Anyone who was watching the track of G4ILO-12 this morning may have been surprised to see me whizzing along at 350 miles per hour over south-west Scotland at 10,000 feet.
No, I hadn't taken a trip by plane. I had APRSISCE running on my phone in its desktop cradle and when I noticed my icon scooting across the Scottish landscape I saw that the GPS was losing its position.
I don't know what caused this, but after it occurred I couldn't get the GPS to lock up again, even when using another application (Google Maps) and taking the phone outside in the garden to be sure it could see the satellites. I had a sinking feeling that the GPS in my phone had failed. Fortunately, after turning the phone completely off and then on the GPS started working properly again. It was certainly a worrying few minutes!
3 comments:
This seems to be a "feature" of the internal GPS inside HTC phones. My AT&T Tilt GPS does this when it stays too long in an area of marginal signals. It seems to decide that a single satellite is the ONLY one that is right and zings you 100s of miles away from where you really are.
Unfortunately, software like APRSISCE and Google Maps can only believe what the GPS is saying, even though people can tell it isn't right.
I've found 2 ways to get the GPS to finally give up on the lone (sometimes 2) satellite that is throwing it off.
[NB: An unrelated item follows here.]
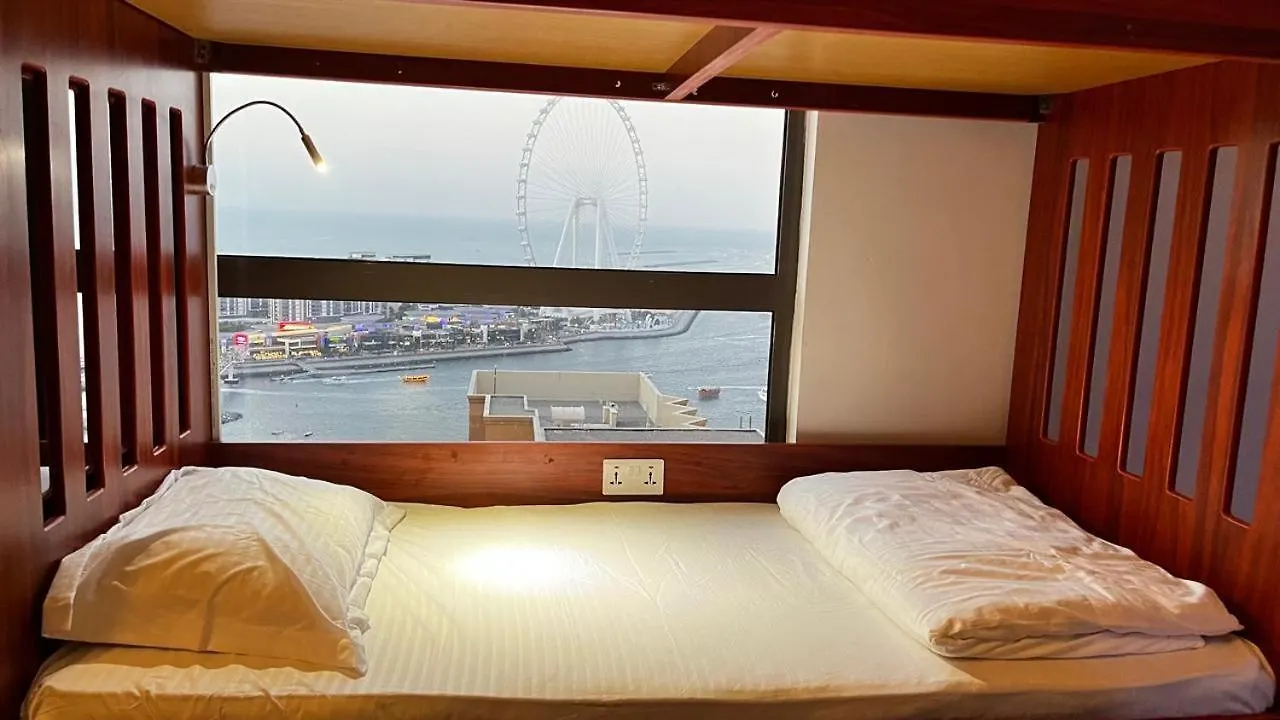 Capsule hotel Ocean Glimpse Hostel Dubai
First, you can simply reboot your phone. I used to do that, but it gets old.
The better way is to turn off the GPS in ALL apps that might be using it (or close the app if there's no option to disable the GPS). Let it turned off (or closed) for 2-5 minutes then turn the GPS back on. In APRSISCE, if you still get a single green satellite on the top line (in use), it didn't work, turn it off again and wait longer. If you end up with 3+ satellites cooperating in the fix, I've always landed back where I belong.
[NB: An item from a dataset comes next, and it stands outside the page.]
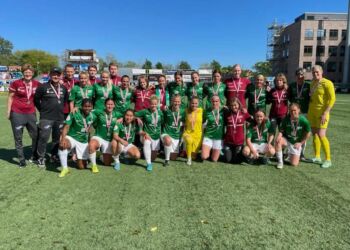 Spillere og træner med sølvmedaljerne. Foto: Fortuna.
Lynn (D) - KJ4ERJ - Author of APRSISCE for Windows Mobile
PS. You'll see the same effect with Google Maps when you keep your phone's GPS out of coverage long enough, but we don't tend to let Google Maps open unless we're out and about. With APRSISCE, we tend to leave it running to see what's going on around us. I just make it a habit to toggle the GPS off (double-click the Fix Quality box) when I go indoors.
Thanks for the comment, Lynn. I'm learning lots with this software. I didn't know I could turn the GPS off. I'll try and get into the habit of doing that when I'm here (and also try and remember to turn it back on again when I'm going somewhere!)
Incidentally, I get the same effect on iBCNU and iPhone. In that case, it is generally because you can't initially get a GPS fix (being inside or something) and so the phone works out an approximate location based on the cell tower it's seeing. Then it gets a GPS fix and the program says 'hey, I've moved!' and you get the rapid movement.
At least, I think that's what's happening!